On Thursday, weekly jobless claims (for the week ending March 21) came in at 3.28 million—not only a drastic uptick from the 282,000 the week prior, but an all-time record, surpassing even the Great Recession peak of 665,000 and 1982’s all-time high of 695,000.

For those like Mike Ryan, Americas chief investment officer at UBS Global Wealth Management, these numbers are only the beginning. “We’re going to see numbers that are shocking to us,” he tells Fortune.

In fact, the latest jobless claims report has Bank of America now estimating that unemployment will hit 7% by April, with potentially between 4 million and 6 million jobs lost, according to a BofA Global Research report on Thursday.

In terms of fallout, the latest jobless claims may only be the beginning.

“Along with the claims number, the high-frequency data on the consumer and other survey measures we have been tracking suggests that the disruption to the economy has been drastic and acute,” according to the BofA Global Research report.

For Goldman Sachs, the jobless data “confirms that the coronacrisis has caused widespread mass layoffs, and we expect a similar or even larger pace of filings in next week’s release,” Goldman economists wrote in a Thursday research note. The data, along with international trade data and February inventories, has the firm now lowering its first-quarter GDP tracking estimate by six-tenths to –6.3%.

Consumer and business confidence, meanwhile, has been pummeled by the latest jobless and demand dislocations. According to a survey conducted from March 24 to 25 by global research firm Ipsos, U.S. consumer confidence plunged to 46.0 overall this week—almost 15 points lower than it was just a few weeks ago at 60.9, according to the report released Thursday. UBS’s Ryan notes that, for GDP, it will be “probably one of the deepest demand shocks we’ve ever seen,” and that, for consumer confidence, watching the policy response is going to be critical.

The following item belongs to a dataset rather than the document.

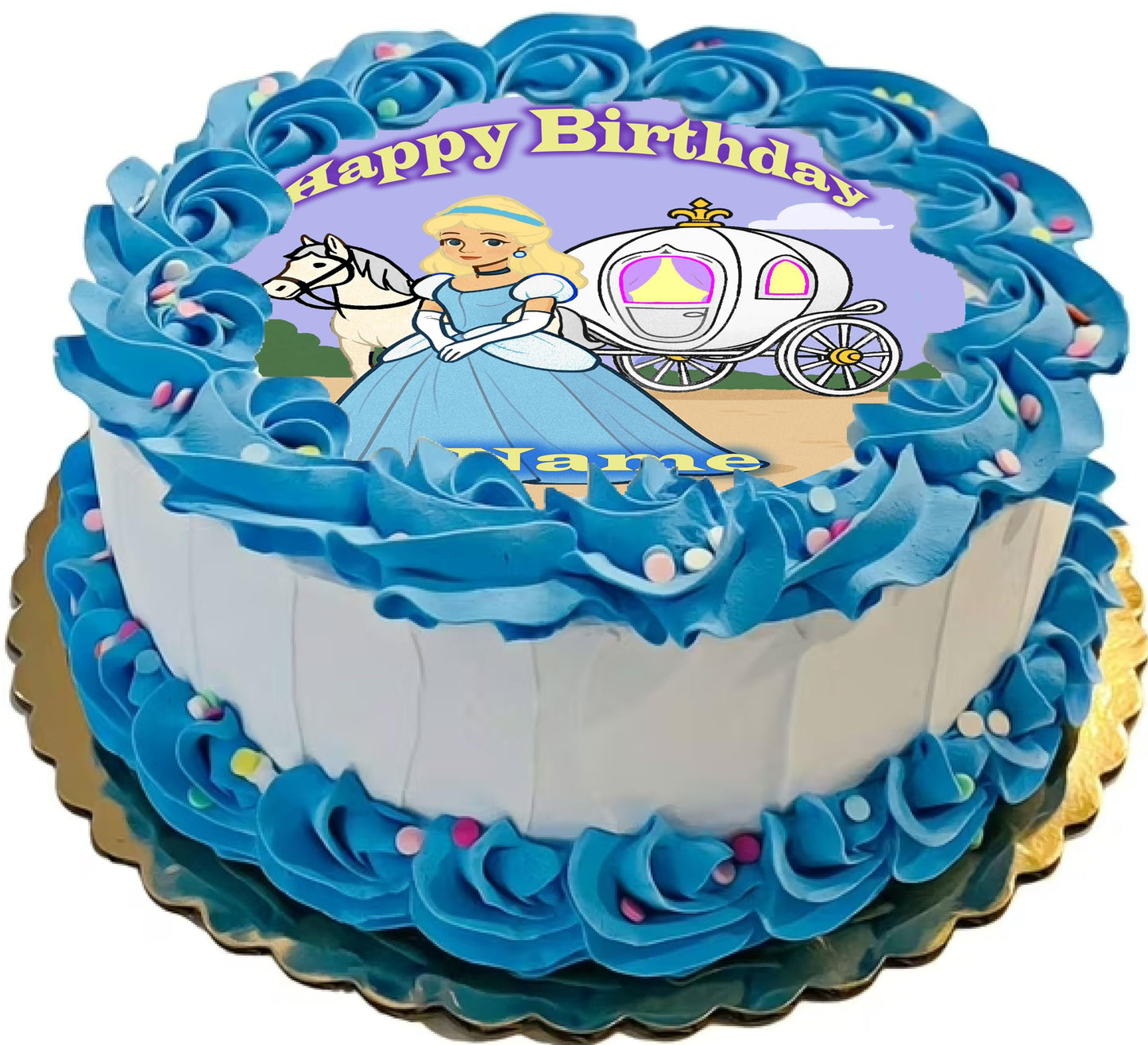 Princess Cinderella Edible Image Cake Topper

Yet Ryan suggests it’s hard to rely too heavily on economic data estimates at a time like this. “I’ve never seen a period of time where economic data becomes obsolete more quickly than today,” Ryan says. “I’m not saying [economic data doesn’t] matter or won’t have potentially an impact, especially if we have some significant surprises, but I think right now with everyone’s expectations so unmoored, it’s going to be hard for us to take a lot of deep insight into how the numbers are interpreted or how the market reacts to them.”

And the markets haven’t really reacted to Thursday’s eye-popping data. Stocks rose on Thursday for a third straight day, with the Dow and S&P 500 both closing over 6% up—their best three-day rally since 1933.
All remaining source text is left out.